The Daily Star (Lebanon)
June 9, 2018 Saturday
Armenian play takes fresh approach to inner conflict
by Georgia Beeston
The Beirut Spring Festival wound down Thursday evening with "A Flight Over The City," a play staged at Dawar al-SHAMS by the Yerevan State Puppet Theater.
BEIRUT: The Beirut Spring Festival wound down Thursday evening with "A Flight Over The City," a play staged at Dawar al-SHAMS by the Yerevan State Puppet Theater. Written by Anush Aslibekyan, the two-person play has already had a successful career, having toured the world for the past eight years and scheduled to be staged elsewhere in the Arab world in the future.
It tells the story of a young blind girl who, about to have surgery to regain her sight, struggles with her love for her doctor and her fear of losing her inner world to reality.
The play is in two acts.
The first delves into the girl's mind before surgery. The audience witnesses her inner turmoil and her imaginary life – the latter full of colors, shapes and wonderful music – and her frightening vulnerability as a blind girl.

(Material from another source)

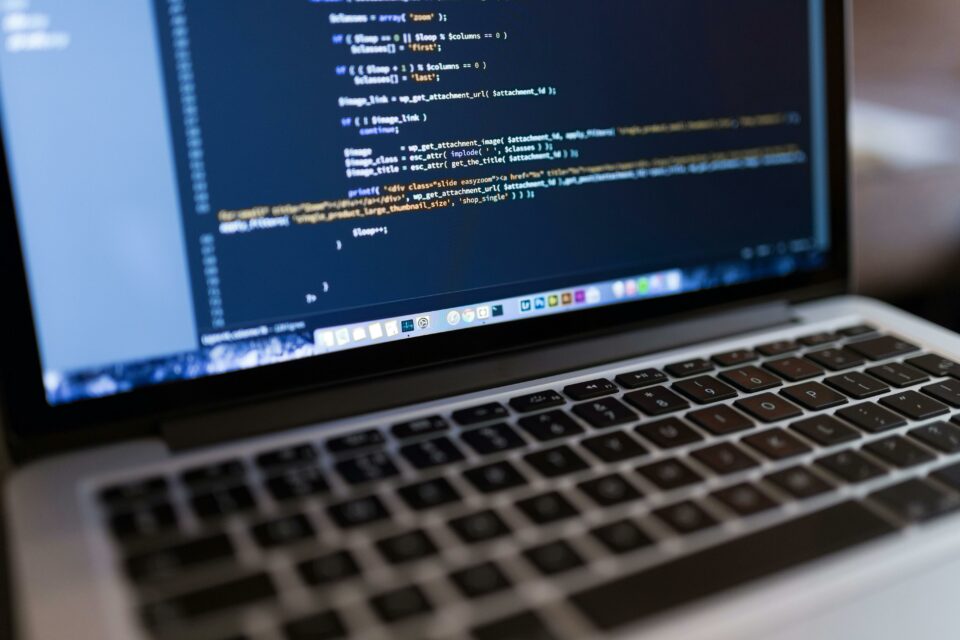 Quelles études pour travailler en développement web ?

Throughout the first act, the audience hears the invisible doctor's voice guiding and aiding the young girl through all her fears.

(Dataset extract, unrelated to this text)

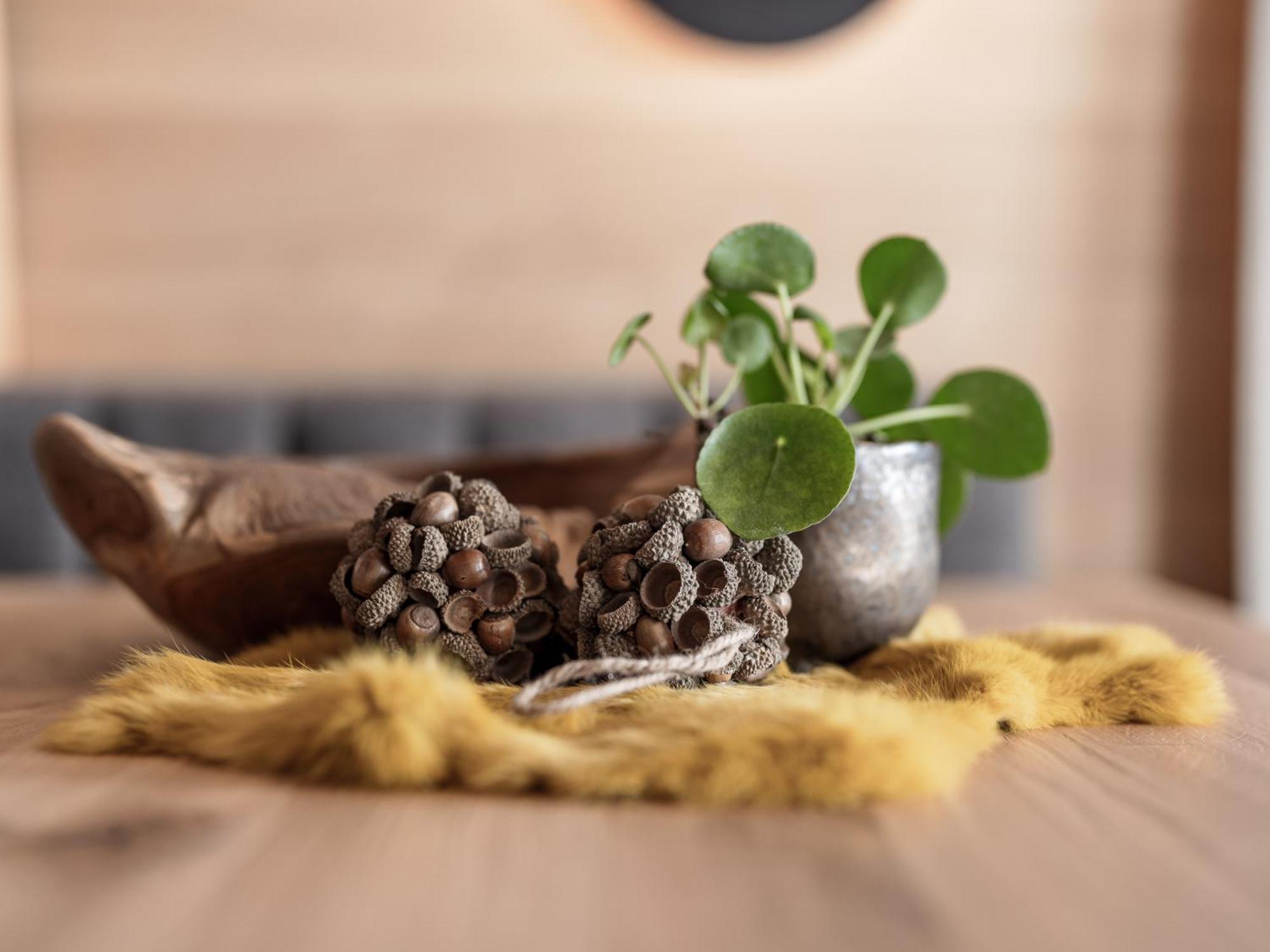 Apartment Neues Apartmenthaus Mit Fabelhaftem Wellness Myalps ötztal *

In the second act, the girl has regained her eyesight and consequently loses her imaginary world and passion for her doctor.
Actors Narine Grigoryan and Sergey Tovmasyan were mostly alone onstage throughout.
Grigoryan's performance was particularly impressive, fluctuating from being a child in a fairy-tale world to frightened, sightless woman.
Most notable was the first act's set design and musical score, which highlighted the contrast between her fantasy world and reality.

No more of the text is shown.